Thursday, 26 November 2009

Cake, not sewing

There has been much sewing this week. But everything has been a Christmas present for somebody, so I'm not showing any pictures. Instead you will have to imagine me surrounded by piles of fabric, grinning at my delightful new machine and listening to endless Radio 4 podcasts. It has been a very good week.

But I think you still need something nice to look at, so here's a picture of this week's cake instead. The marvellous mocha cake from Rachel Allen's Bake. Just look at all those reviews on Amazon - it's clearly not just me who loves this book! Go and get yourself a copy if you haven't already.
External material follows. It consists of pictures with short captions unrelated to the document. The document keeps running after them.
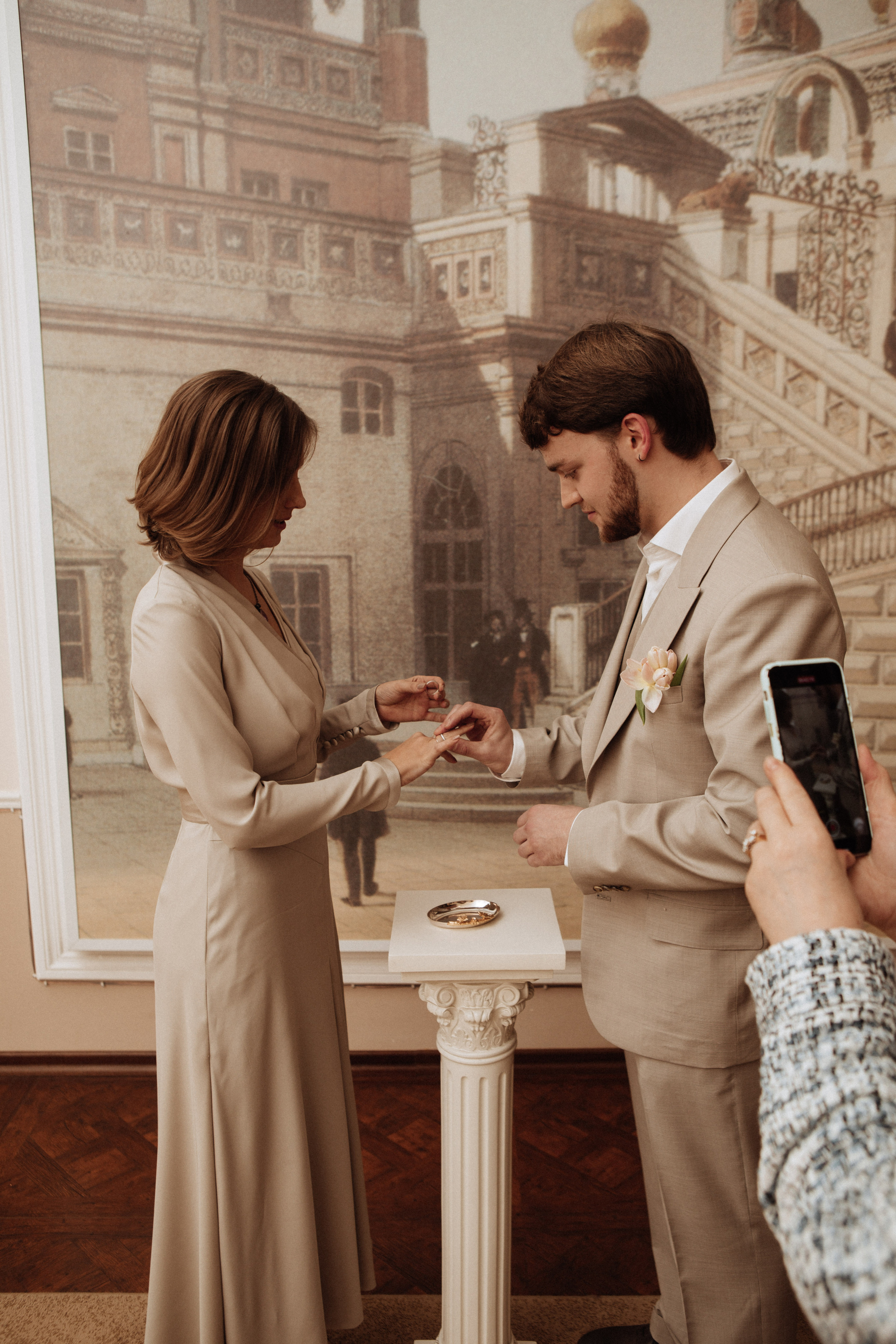 Саша и Вася. Утро в Балчуге и Роспись в Загсе. Свадебный и портретный фотограф в Москве Анастасия Масюк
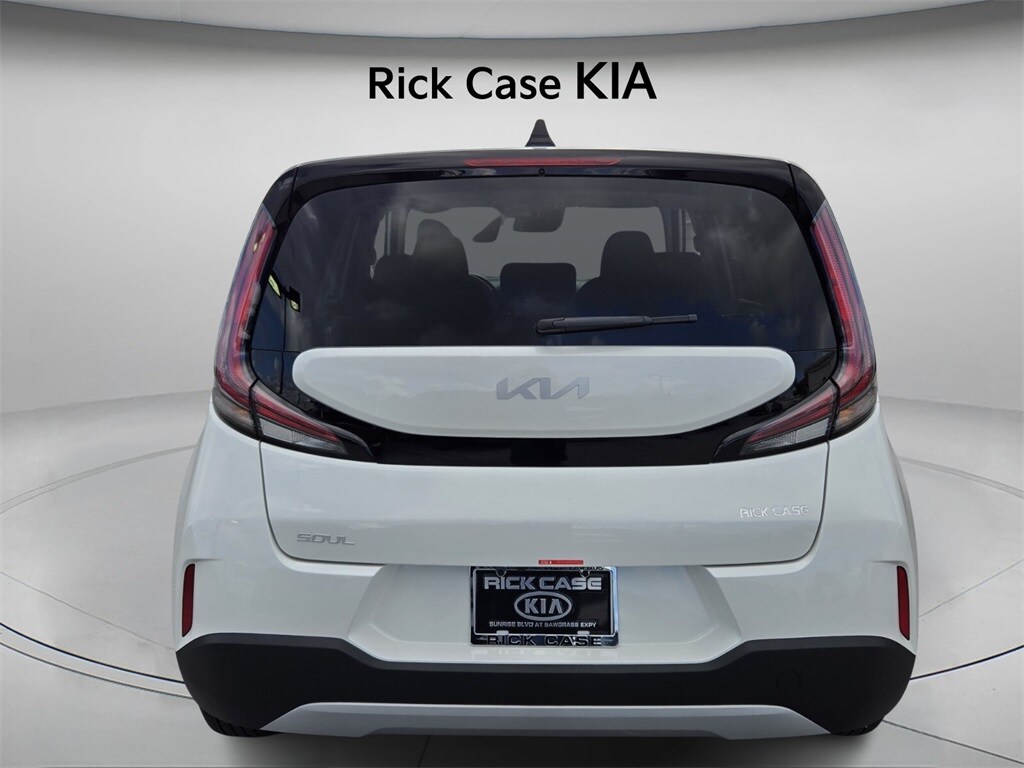 2025 Kia Soul LX photo 3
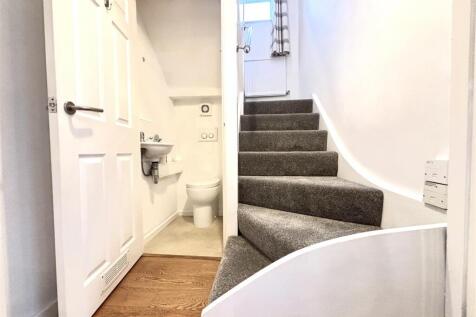 Guest Cloakroom
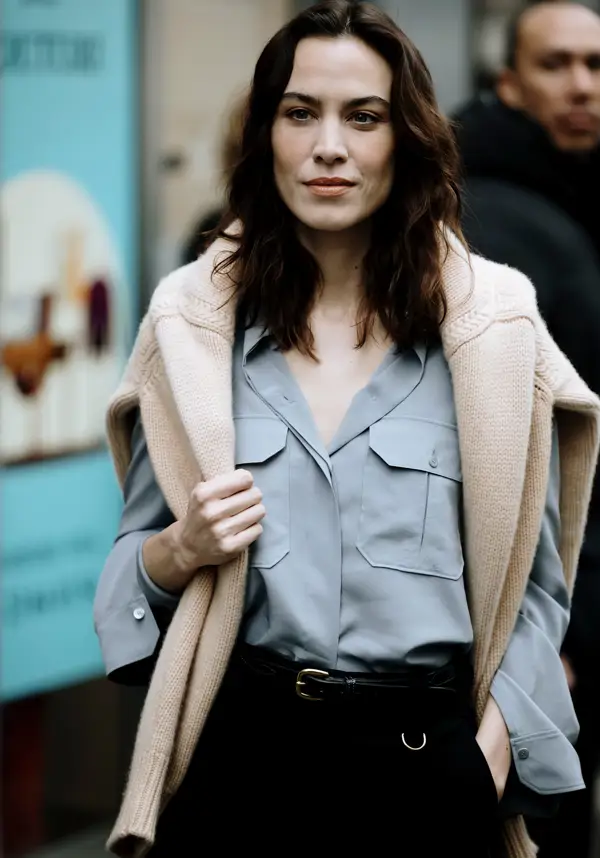 Cómo mezclar ropa vintage con básicos y lograr los mejores looks (sin parecer disfrazada)
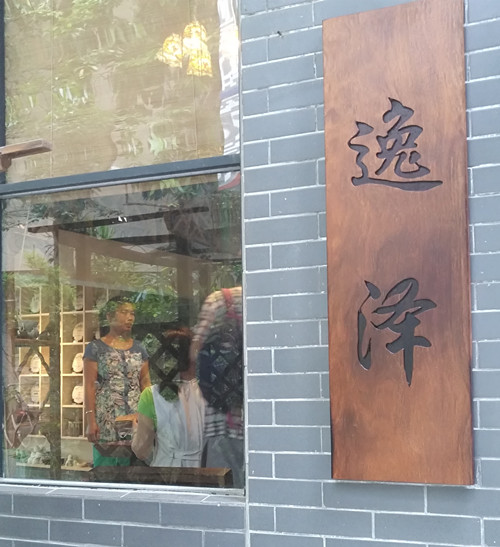 在广州海珠区小洲村那租房子大概要多少钱？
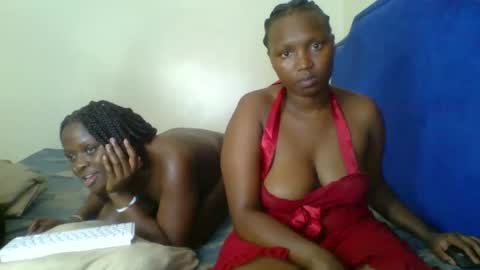 Snapshot of kinky_roey chatting on 02-10-25, 11:04 kinky_roey online show from 02-10-25, 11:04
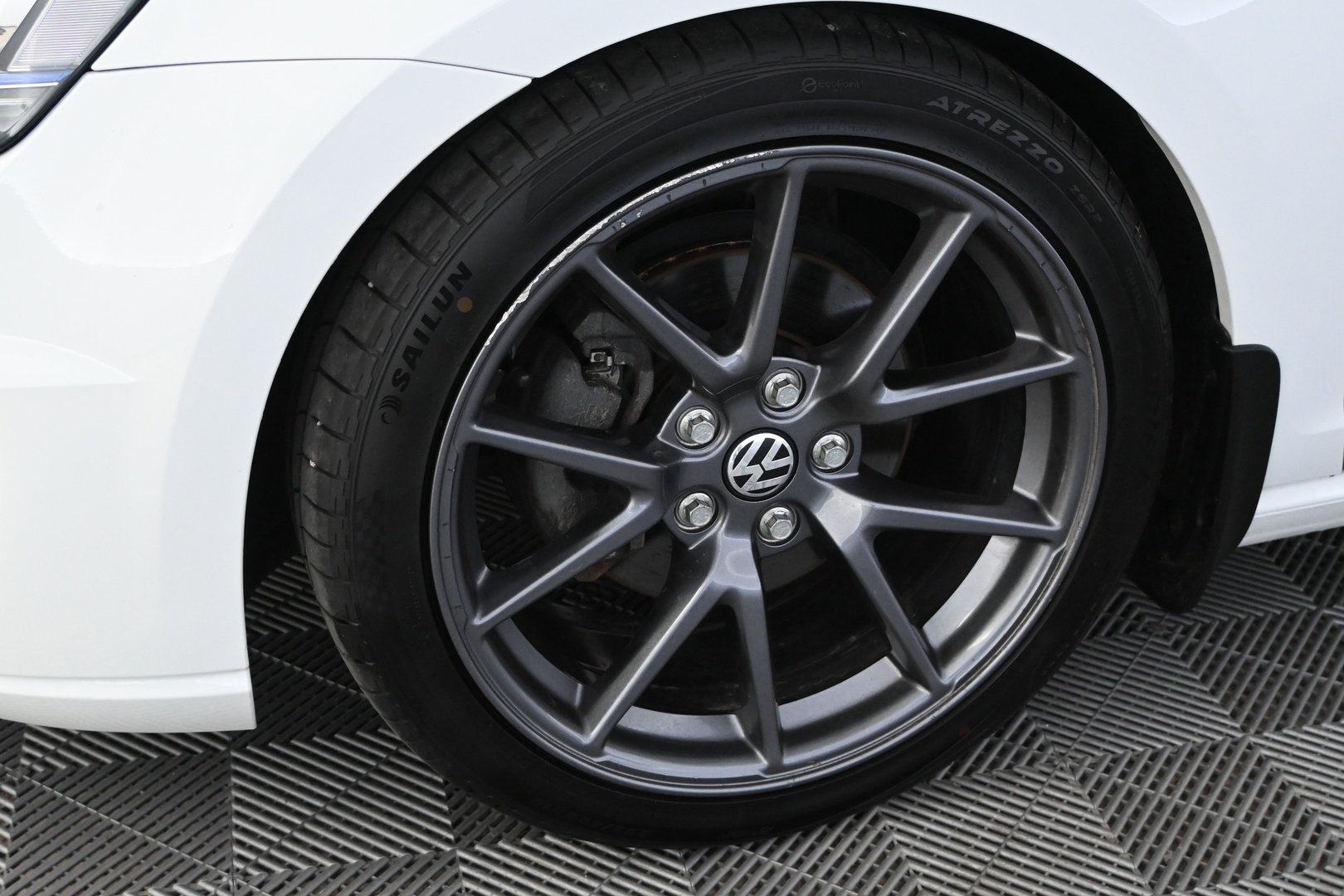 VOLKSWAGEN Golf 2017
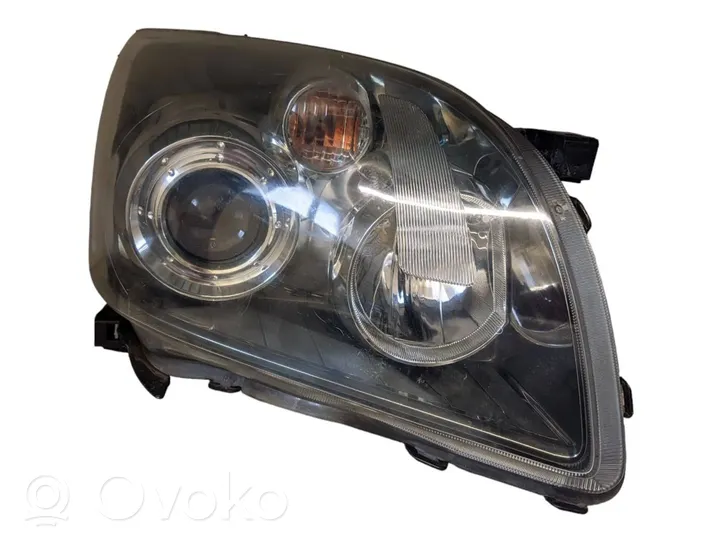 Toyota Avensis T250 Phare frontale 8117005240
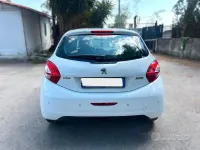 Usata Peugeot 208 Allure 68 CV (50 kW) 2014 Bianco Utilitaria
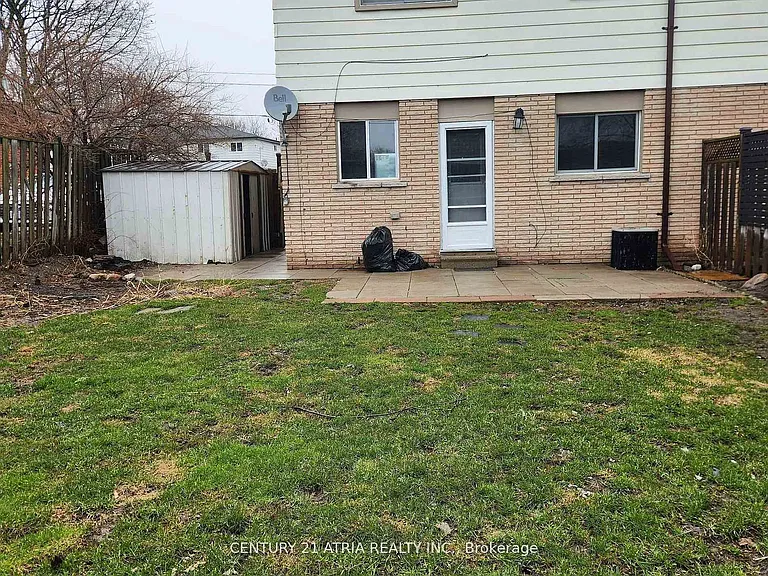 49 Lawrence Cres #BASEMENT — Photo 19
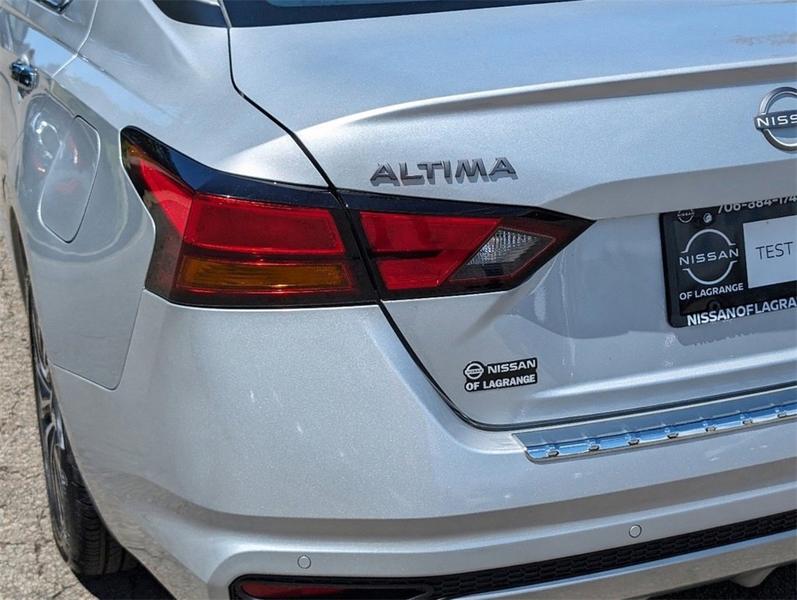 Nissan Altima 2023 price $21,799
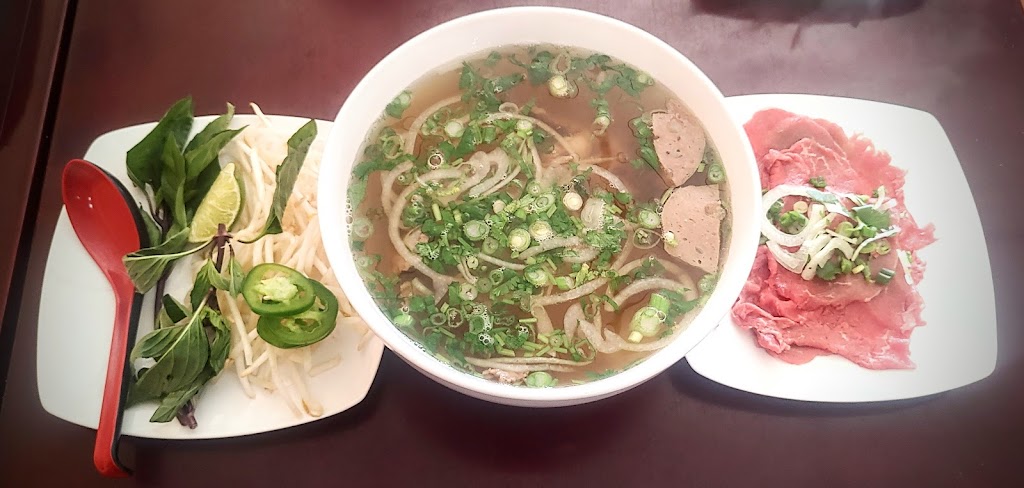 Whats The Pho | restaurant | 462 Larkfield Center, Larkfield-Wikiup, CA 95403, USA | 7077917633 OR +1 707-791-7633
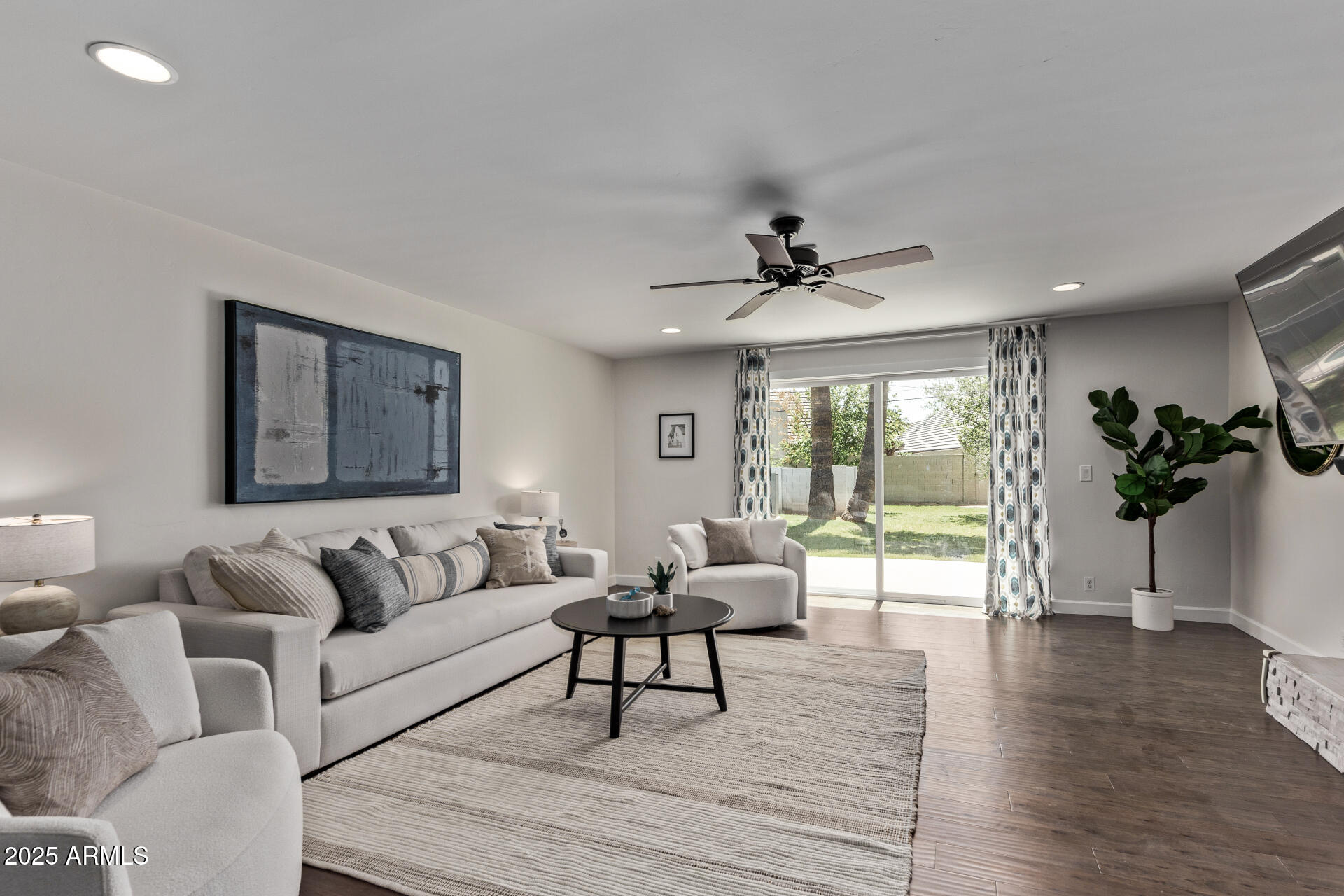 1431 E SAN JUAN Avenue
Oh, and you can have a look at some knitting as well. Last night I finished the second baby kicking bag of this autumn - the second new nephew is due in just about a month's time. This is such a lovely gift for a winter baby - he will be toasty and warm in this brightly coloured bag. The pattern is a free one from Ravelry, and it's very straightforward to knit.

Monday, 23 November 2009

Sunday Marketing

The children and I have a happy new Sunday morning routine. While G goes for a run or a swim, we get on the bus and go a couple of miles up the road to Walthamstow for the weekly farmers' market.
C, on the bus to Walthamstow, doing his impression of a teenager

Walthamstow has a famous daily market which is a wonderful madness of stalls selling fruit and veg, clothes, toothpaste, buttons, sweets, handbags, shellfish, CDs and herbs. The stallholders are all local Eastenders and they bellow their prices at the top of their voices to the crowds squeezing past.

But the Sunday farmers' market is very different. It is part of the London Farmers' Markets organisation and is much smaller and quieter than the weekday version. The stallholders just sell food and drink and are all producers. Many are from Essex and Kent but others come from eye watering distances to sell here. They don't bellow as loudly as their midweek counterparts.

The first stall the children and I always stop at is The Giggly Pig Company who are there every week (their website gives details of their shop and all the other markets they sell at). I love their slogan: "No fat or crap in our sausages!". The women manning the stall each week are so kind and offer the children endless free samples. I often buy their sausages but the highlight is their faggots, which are the best I have ever tasted - savoury, meaty and not too salty. Ask C what is favourite food is at the moment and he will say faggots.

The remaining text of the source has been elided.